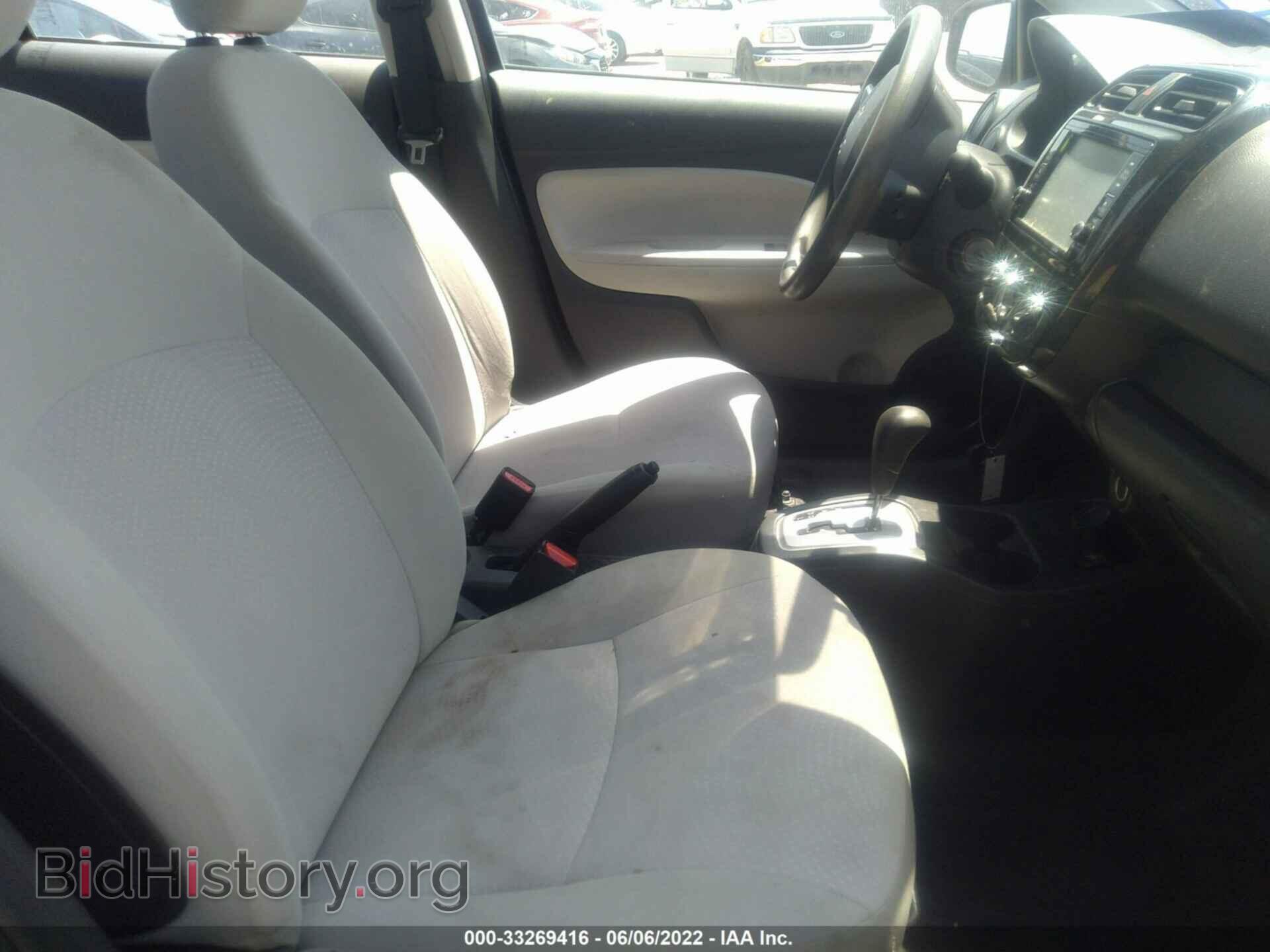 2019 MITSUBISHI MIRAGE G4 - VIN: ML32F3FJ4KHF10595 - Фото 5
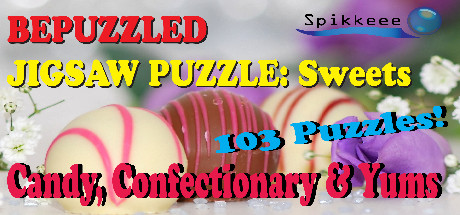Bepuzzled Jigsaw Puzzle: Sweets Cover Image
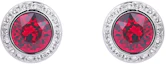 Buy (W) Pendientes Rojos Angelic Swarovski para Mujer, Chapados en Rodio. 5446022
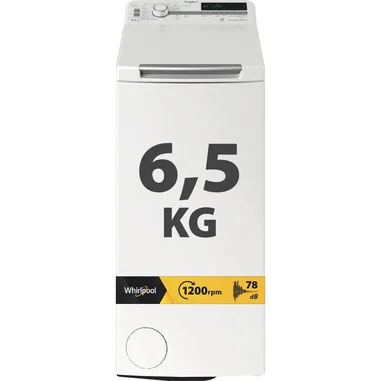 Lavatrice a libera installazione - TDLR 65261BS IT - Whirlpool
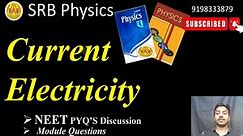 Current Electricity NEET PYQs, NEET Physics Crash Course, Current Electricity Class 12th (AK Sir) - video Dailymotion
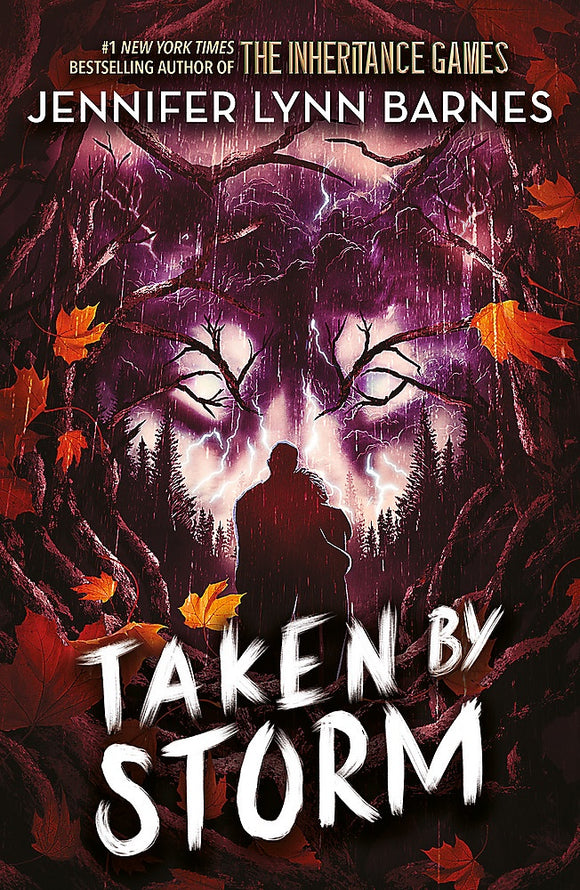 TAKEN BY STORM (RAISED BY WOLVES #3)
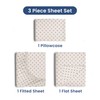 3 Piece Twin XL Bed Sheets | College & Dorm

━━━━━━━━━━

Starting where a line contains "Current Electricity NEET" and finishing at the last line above, set down every line exactly as it reads, with no pictures.

 Current Electricity NEET PYQs, NEET Physics Crash Course, Current Electricity Class 12th (AK Sir) - video Dailymotion
 TAKEN BY STORM (RAISED BY WOLVES #3)
 3 Piece Twin XL Bed Sheets | College & Dorm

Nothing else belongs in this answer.